5. Key Findings 3–5 specific, data-driven findings. Each references actual numbers from quality metrics.

6. Recommendations 2–4 prioritized, actionable recommendations. Each includes what to change, why (linked to specific finding), and expected impact.


Using Quality Analysis in Balansor

Viewing Quality Metrics

  1. Navigate to Quality from the main menu
  2. Select a dataset from the dropdown
  3. Two tabs are available:
    • Sample Representativeness — demographics vs strategy targets
    • Response Quality — answer diversity, straightlining, consistency

Sample Representativeness Tab

Shows per-factor breakdowns with actual vs target distributions.
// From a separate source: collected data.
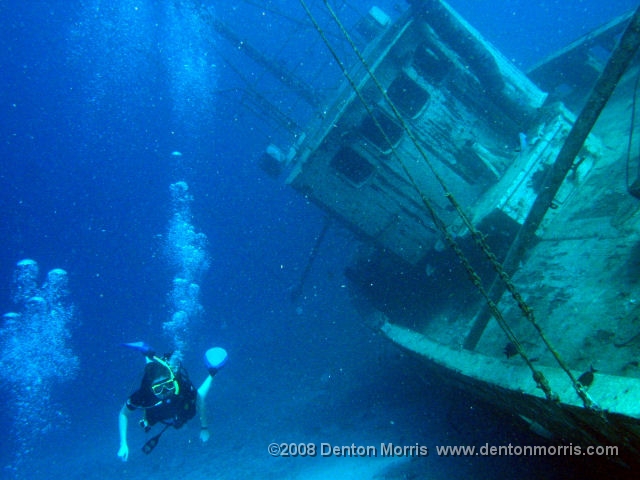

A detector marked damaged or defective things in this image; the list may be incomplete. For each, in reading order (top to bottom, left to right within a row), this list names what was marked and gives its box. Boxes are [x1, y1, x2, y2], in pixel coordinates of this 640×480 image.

rusty ship surface [211, 0, 640, 468]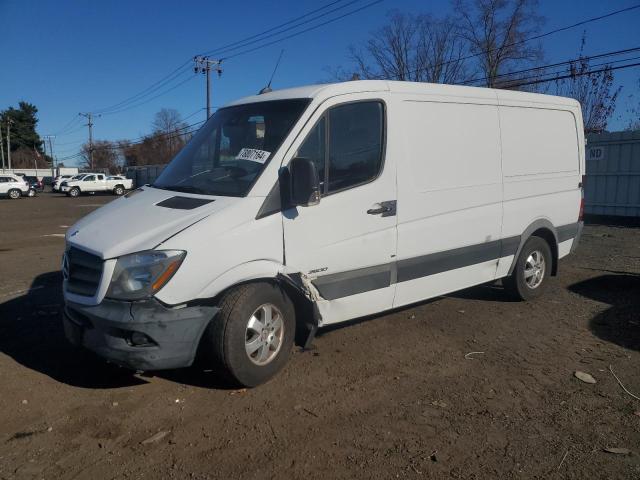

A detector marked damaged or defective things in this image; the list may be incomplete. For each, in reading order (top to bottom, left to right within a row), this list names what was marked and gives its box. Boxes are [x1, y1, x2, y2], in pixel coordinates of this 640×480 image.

damaged front bumper [63, 296, 218, 372]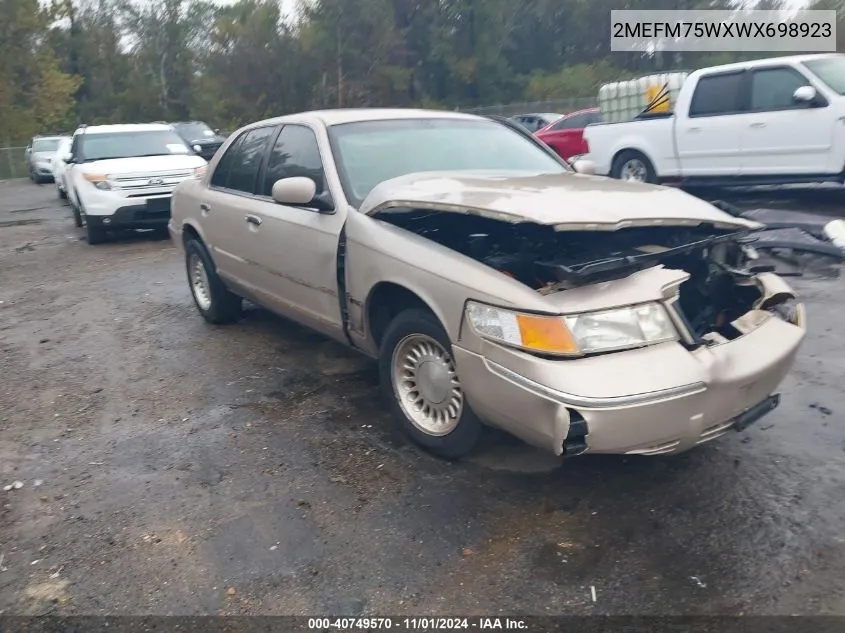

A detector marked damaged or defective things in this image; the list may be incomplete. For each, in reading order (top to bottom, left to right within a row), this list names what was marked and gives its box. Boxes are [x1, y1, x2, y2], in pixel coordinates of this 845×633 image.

crumpled hood [360, 170, 760, 232]
damaged mercury grand marquis [170, 107, 804, 454]
broken headlight [464, 302, 676, 356]
damaged front end [378, 210, 804, 348]
broken headlight [560, 302, 680, 354]
bent bumper [454, 312, 804, 454]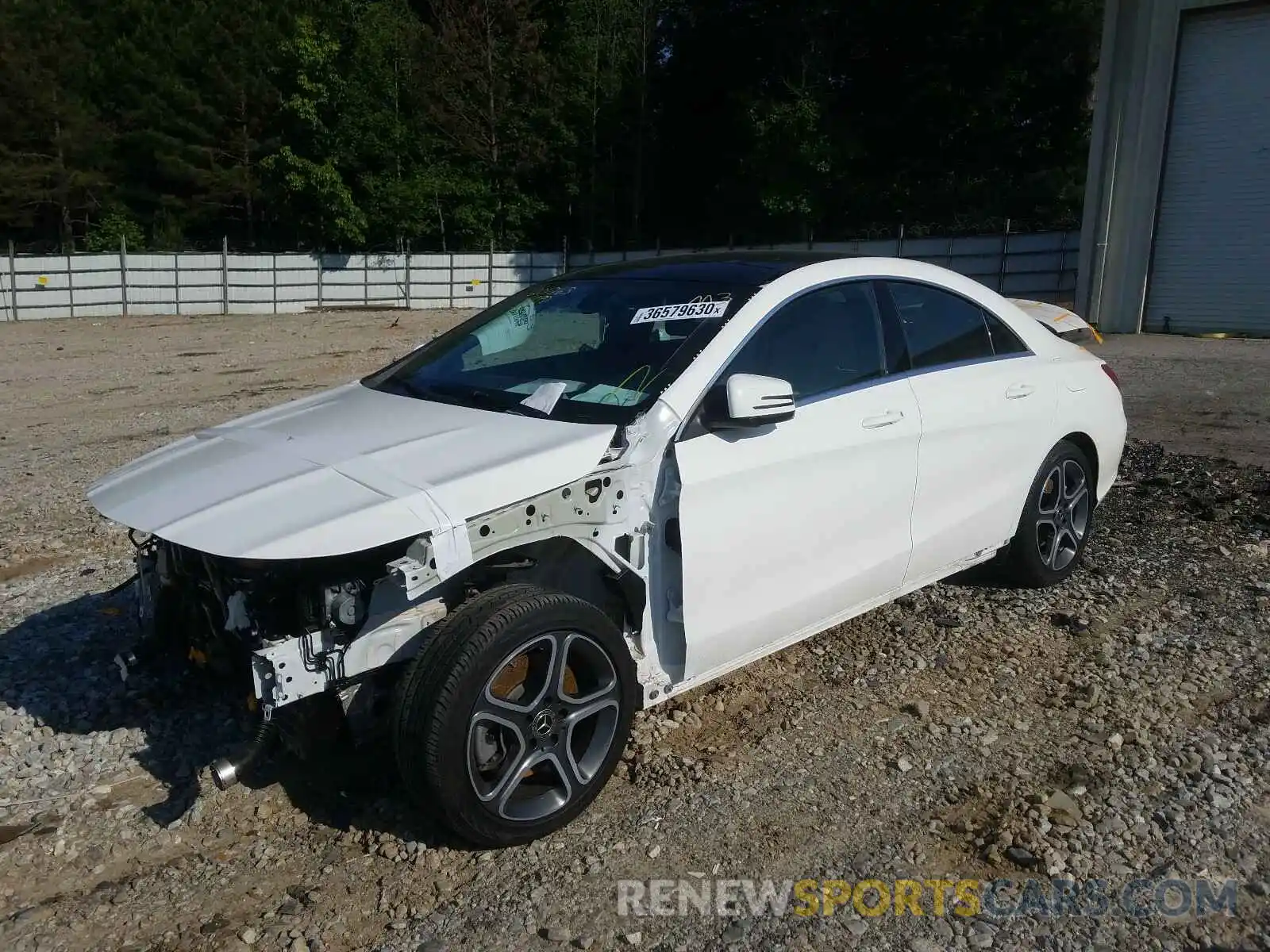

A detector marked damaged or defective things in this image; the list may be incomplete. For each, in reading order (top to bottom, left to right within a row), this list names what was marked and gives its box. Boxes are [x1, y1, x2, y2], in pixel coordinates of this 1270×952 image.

crumpled hood [87, 381, 619, 559]
damaged white mercedes-benz [89, 251, 1124, 838]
If both Bronze and Silver datasets exist, a side-by-side comparison shows improvement from weighting.

If the dataset has no linked sampling strategy, a strategy selector appears so you can assign one.

Response Quality Tab

Displays four aggregate summary cards:

Card Metric What It Shows
Diversity Mean Normalized Entropy Average answer diversity across categorical questions
Acquiescence Bias Index Agreement tendency in Likert scales
Non-Response Overall Rate Average skip rate across questions
Coverage Question Count Number of questions analyzed by type

Below the summary: a per-question metrics table, straightlining detection panel (for groups), internal consistency panel (Cronbach's alpha for groups with 3+ sub-items), speeder detection results, and multi-flag respondent aggregation.

Running AI Analysis

  1. On the Quality page, click "Run AI Analysis"
  2. The analyst agent starts in the background — progress updates appear in real time
  3. When complete, the structured report appears with methodology-grounded interpretation

The AI analysis requires:

  • An AI provider API key (configured in user profile, organization settings, or environment)
  • A Portor MCP endpoint (for accessing quality tools and campaign context)
  • Redis (for cross-worker progress tracking)

Dataset Detail Page

Each dataset's detail page includes a compact Response Quality card showing diversity score, non-response rate, straightlining summary, and question type breakdown. Click through to the full quality analysis page for detailed metrics.


Interpreting Results

For detailed interpretation guidance — common patterns, recommended actions, and the two-dimensional quality matrix — see the Quality Metrics Reference: Interpreting Results.


MCP Tools

Quality analysis tools are available through the MCP interface for programmatic or AI-assisted access:

Tool Purpose
get_dataset_quality Sample representativeness metrics (RMSE, MAE, Chi-Square, per-factor). Silver datasets include weighting diagnostics (DEFF, ESS, weight CV) and completion rate
get_dataset_response_quality Response quality metrics (entropy, straightlining, consistency, acquiescence, speeder detection, multi-flag aggregation)
compare_dataset_quality Side-by-side Bronze vs Silver comparison

See the Dataset Tools Reference for complete parameter documentation.